Whenever the string "online" appears in a line of the listing below, that line counts. Say how many lines count, and give nothing else.

Data excerpts.
================================

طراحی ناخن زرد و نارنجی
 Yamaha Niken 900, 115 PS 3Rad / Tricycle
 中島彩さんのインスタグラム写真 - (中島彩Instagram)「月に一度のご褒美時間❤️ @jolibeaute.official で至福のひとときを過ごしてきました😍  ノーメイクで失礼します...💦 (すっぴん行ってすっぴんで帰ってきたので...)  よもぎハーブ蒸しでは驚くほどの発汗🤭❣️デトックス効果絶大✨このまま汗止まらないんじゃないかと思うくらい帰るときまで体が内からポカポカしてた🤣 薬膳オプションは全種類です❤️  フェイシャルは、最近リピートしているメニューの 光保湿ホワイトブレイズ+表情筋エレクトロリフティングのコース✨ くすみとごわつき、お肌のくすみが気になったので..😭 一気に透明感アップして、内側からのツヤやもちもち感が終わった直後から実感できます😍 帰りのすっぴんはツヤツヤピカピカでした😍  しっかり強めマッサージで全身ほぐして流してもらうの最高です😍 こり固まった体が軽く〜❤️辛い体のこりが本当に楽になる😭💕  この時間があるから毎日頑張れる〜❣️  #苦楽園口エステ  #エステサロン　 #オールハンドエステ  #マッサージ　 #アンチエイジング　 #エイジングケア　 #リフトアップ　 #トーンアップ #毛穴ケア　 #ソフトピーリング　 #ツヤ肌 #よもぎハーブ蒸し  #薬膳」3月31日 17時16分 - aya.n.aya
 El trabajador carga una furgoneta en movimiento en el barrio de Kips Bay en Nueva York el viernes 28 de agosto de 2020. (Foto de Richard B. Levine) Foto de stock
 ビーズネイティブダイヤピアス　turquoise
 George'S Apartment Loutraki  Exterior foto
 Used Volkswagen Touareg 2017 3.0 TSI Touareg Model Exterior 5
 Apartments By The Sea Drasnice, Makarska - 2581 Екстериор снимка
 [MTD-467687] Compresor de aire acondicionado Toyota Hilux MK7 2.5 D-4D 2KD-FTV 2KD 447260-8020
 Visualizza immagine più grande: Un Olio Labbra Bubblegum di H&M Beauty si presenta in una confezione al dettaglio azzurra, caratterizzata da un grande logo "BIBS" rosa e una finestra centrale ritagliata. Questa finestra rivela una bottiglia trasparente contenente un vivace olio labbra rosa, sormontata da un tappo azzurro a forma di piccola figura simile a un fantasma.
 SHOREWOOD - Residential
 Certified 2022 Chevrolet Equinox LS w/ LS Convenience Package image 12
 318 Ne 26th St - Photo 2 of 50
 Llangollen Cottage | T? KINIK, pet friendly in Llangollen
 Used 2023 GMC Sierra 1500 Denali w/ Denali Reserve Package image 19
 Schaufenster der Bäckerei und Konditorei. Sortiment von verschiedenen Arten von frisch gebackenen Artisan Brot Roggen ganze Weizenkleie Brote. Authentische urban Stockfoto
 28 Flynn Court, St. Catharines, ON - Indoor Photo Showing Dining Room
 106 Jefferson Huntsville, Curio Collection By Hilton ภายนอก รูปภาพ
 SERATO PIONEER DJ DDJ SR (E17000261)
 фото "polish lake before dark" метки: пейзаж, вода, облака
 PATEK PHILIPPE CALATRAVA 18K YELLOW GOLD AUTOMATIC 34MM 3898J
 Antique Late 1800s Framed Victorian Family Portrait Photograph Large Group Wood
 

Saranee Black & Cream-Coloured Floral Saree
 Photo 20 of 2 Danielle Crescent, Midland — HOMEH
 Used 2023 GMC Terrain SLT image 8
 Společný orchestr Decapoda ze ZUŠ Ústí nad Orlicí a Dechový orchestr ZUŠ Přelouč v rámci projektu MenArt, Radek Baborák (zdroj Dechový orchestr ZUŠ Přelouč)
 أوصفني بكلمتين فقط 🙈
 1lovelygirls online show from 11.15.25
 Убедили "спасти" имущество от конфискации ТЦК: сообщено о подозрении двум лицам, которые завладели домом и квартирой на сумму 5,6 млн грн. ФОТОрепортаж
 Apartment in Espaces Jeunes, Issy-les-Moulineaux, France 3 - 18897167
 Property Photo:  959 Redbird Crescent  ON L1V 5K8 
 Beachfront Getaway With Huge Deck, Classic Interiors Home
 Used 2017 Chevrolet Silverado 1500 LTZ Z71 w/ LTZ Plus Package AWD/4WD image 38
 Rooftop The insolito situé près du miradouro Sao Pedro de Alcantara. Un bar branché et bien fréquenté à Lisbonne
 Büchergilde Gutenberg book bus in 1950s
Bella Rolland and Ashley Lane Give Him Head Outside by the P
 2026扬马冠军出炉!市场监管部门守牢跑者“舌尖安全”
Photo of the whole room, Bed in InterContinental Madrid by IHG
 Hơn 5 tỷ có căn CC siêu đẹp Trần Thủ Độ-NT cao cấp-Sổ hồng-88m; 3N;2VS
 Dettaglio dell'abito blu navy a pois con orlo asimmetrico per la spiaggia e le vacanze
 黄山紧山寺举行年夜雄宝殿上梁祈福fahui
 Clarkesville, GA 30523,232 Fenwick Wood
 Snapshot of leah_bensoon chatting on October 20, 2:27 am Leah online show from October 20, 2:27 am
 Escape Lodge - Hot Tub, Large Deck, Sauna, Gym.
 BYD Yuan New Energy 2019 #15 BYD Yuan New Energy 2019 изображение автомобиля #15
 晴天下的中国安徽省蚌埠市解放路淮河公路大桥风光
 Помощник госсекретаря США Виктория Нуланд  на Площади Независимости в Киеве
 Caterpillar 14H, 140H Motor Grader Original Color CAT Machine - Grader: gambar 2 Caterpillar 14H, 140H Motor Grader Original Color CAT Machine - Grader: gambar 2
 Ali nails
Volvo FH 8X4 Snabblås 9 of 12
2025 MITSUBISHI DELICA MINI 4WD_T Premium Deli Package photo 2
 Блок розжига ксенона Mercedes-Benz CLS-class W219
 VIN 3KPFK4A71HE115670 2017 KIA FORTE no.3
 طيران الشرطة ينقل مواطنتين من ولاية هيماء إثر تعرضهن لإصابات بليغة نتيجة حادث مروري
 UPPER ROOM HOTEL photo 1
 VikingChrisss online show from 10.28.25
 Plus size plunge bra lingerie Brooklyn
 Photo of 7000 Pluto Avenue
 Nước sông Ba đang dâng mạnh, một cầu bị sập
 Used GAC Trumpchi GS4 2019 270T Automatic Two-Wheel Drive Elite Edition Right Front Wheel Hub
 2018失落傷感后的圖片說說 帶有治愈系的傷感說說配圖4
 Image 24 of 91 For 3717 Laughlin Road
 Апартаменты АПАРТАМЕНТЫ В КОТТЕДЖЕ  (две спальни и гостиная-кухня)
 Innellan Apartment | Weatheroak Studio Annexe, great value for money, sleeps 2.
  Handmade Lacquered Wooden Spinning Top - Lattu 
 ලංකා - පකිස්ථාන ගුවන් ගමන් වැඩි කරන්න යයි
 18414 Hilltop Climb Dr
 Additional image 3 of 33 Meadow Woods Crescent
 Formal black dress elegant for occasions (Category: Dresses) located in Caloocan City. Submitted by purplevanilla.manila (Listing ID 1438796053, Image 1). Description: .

================================

Answer box.
3